- _INFORMATION SHOWN_
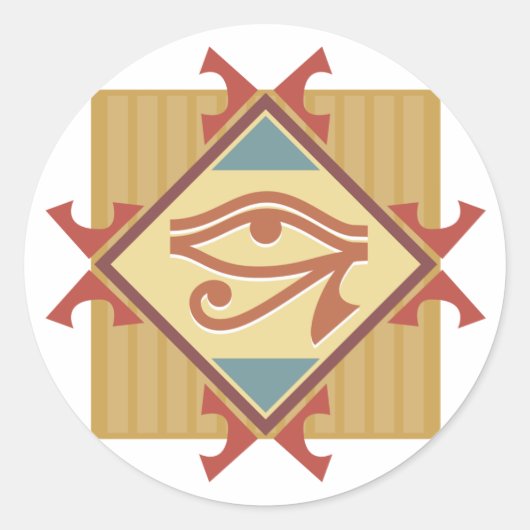 Sticker Rond Oeil de Ra (Devant)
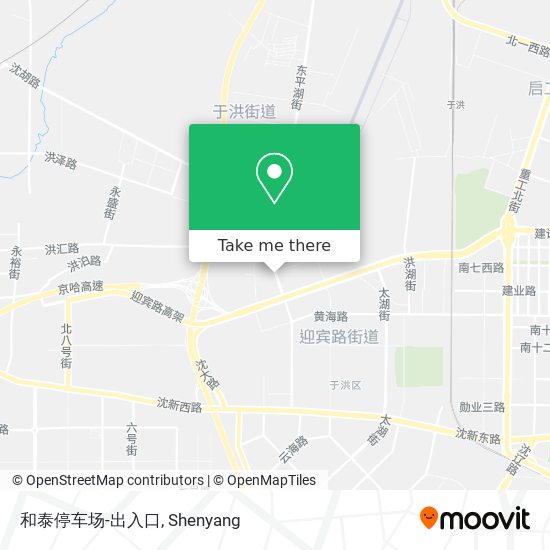 和泰停车场-出入口 map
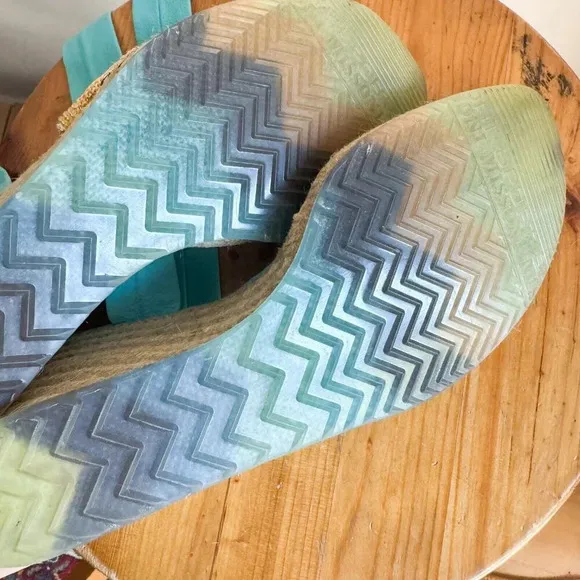Missoni Sport Nkle Wrap Raffie Wedge Heels Sandals 40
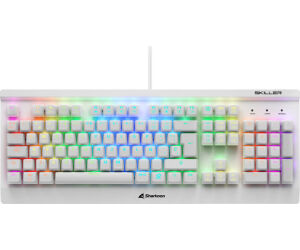 Teclado gaming sharkoon sgk3 mecanico rgb usb red switch blanco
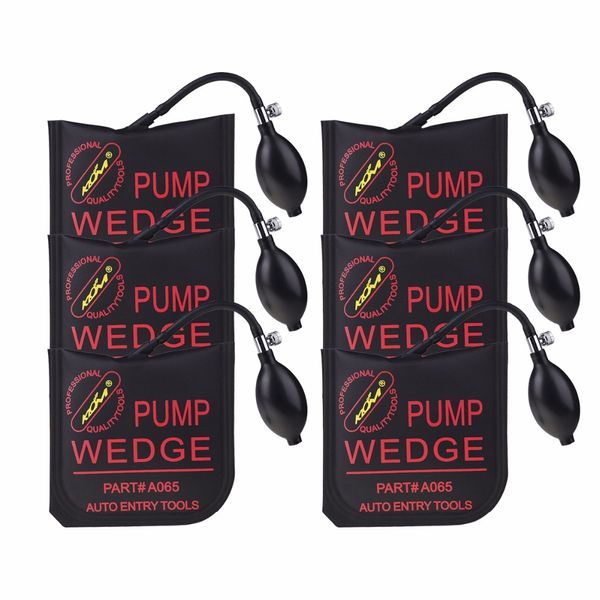 Medio Klom Pump Air Pump Wedge Blocksmith Tools Auto Airbag Lock Pick Open Car Door Hardware Airshim Tools 6pcs / lot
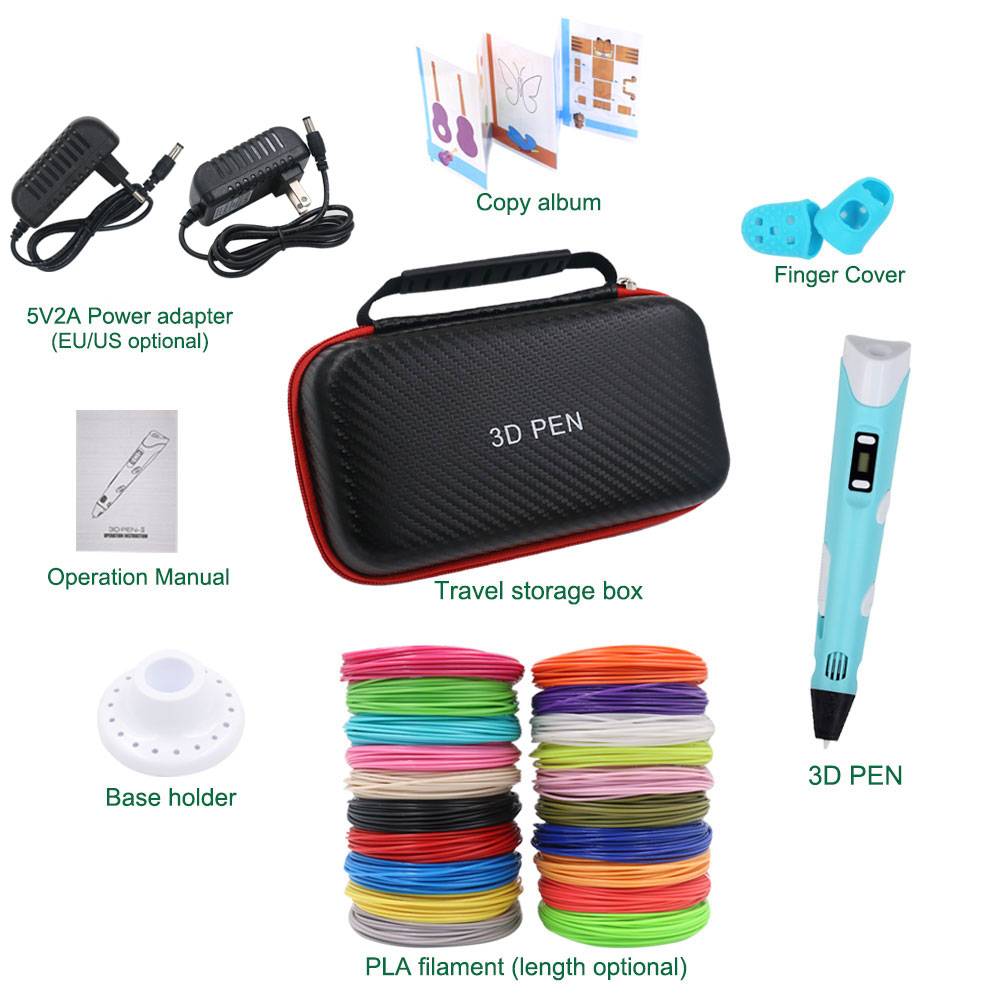 Bizarre 3D Printing Pen Set wi - Carbon Fiber Filament avaliação e preço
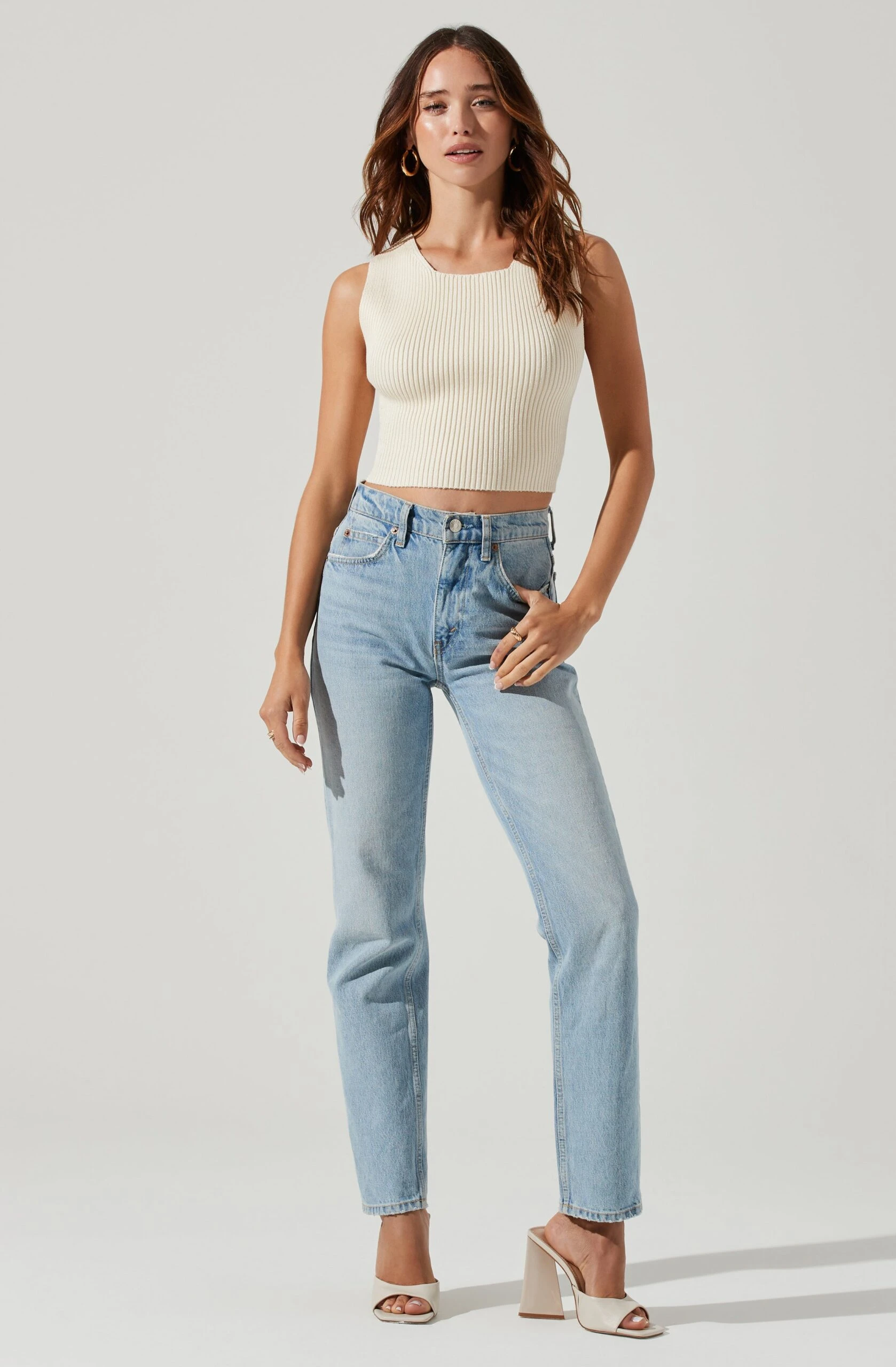 Tie Back Sweater Tank Top 11 Tie Back Sweater Tank Top - Image 9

- _HOW TO COMPLETE THIS TASK_
In the answer, give only the lines from the one containing "和泰停车场-出入口 map" through the end of the records above, each reproduced exactly. Include no pictures.

- _ANSWER BELOW_
 和泰停车场-出入口 map
Missoni Sport Nkle Wrap Raffie Wedge Heels Sandals 40
 Teclado gaming sharkoon sgk3 mecanico rgb usb red switch blanco
 Medio Klom Pump Air Pump Wedge Blocksmith Tools Auto Airbag Lock Pick Open Car Door Hardware Airshim Tools 6pcs / lot
 Bizarre 3D Printing Pen Set wi - Carbon Fiber Filament avaliação e preço
 Tie Back Sweater Tank Top 11 Tie Back Sweater Tank Top - Image 9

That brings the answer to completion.